What the task asks: Could you write out the lines below exactly, beginning with the first and finishing with the one that contains "Elections : A"?

┌────────

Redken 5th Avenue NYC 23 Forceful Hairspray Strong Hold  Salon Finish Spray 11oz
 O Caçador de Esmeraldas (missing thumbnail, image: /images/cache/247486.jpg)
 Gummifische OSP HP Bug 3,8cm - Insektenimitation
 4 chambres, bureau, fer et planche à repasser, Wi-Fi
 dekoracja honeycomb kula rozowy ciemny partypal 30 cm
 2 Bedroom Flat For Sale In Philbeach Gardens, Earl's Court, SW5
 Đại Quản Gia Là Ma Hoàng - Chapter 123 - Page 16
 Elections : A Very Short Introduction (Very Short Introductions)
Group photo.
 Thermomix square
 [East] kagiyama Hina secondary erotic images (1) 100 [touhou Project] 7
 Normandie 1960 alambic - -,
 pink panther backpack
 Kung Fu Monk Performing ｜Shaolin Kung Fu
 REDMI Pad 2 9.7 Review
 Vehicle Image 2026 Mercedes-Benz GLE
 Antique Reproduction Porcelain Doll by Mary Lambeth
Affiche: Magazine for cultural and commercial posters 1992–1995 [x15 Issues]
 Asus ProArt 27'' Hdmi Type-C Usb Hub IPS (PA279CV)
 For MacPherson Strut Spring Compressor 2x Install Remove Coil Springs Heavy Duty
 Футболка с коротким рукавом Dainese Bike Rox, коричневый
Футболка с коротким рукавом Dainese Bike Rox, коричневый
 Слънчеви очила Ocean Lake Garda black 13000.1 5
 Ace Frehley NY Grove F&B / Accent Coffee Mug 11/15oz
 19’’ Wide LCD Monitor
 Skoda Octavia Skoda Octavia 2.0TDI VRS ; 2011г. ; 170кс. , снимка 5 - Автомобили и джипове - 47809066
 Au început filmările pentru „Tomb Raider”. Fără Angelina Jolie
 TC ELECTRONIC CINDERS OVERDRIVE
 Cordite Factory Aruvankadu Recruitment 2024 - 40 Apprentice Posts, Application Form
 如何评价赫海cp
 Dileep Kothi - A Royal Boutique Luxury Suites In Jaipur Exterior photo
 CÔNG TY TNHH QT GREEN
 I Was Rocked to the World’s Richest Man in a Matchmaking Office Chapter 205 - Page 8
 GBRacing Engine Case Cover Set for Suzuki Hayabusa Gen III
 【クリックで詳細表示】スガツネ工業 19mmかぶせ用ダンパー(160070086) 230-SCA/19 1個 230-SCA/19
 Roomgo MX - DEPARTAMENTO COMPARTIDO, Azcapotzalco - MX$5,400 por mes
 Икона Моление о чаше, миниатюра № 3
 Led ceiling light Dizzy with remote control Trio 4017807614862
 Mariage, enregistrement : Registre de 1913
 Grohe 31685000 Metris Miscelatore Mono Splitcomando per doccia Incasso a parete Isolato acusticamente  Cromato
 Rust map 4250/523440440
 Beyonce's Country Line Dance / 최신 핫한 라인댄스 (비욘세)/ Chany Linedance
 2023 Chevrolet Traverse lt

└────────

Finished task:
Redken 5th Avenue NYC 23 Forceful Hairspray Strong Hold  Salon Finish Spray 11oz
 O Caçador de Esmeraldas (missing thumbnail, image: /images/cache/247486.jpg)
 Gummifische OSP HP Bug 3,8cm - Insektenimitation
 4 chambres, bureau, fer et planche à repasser, Wi-Fi
 dekoracja honeycomb kula rozowy ciemny partypal 30 cm
 2 Bedroom Flat For Sale In Philbeach Gardens, Earl's Court, SW5
 Đại Quản Gia Là Ma Hoàng - Chapter 123 - Page 16
 Elections : A Very Short Introduction (Very Short Introductions)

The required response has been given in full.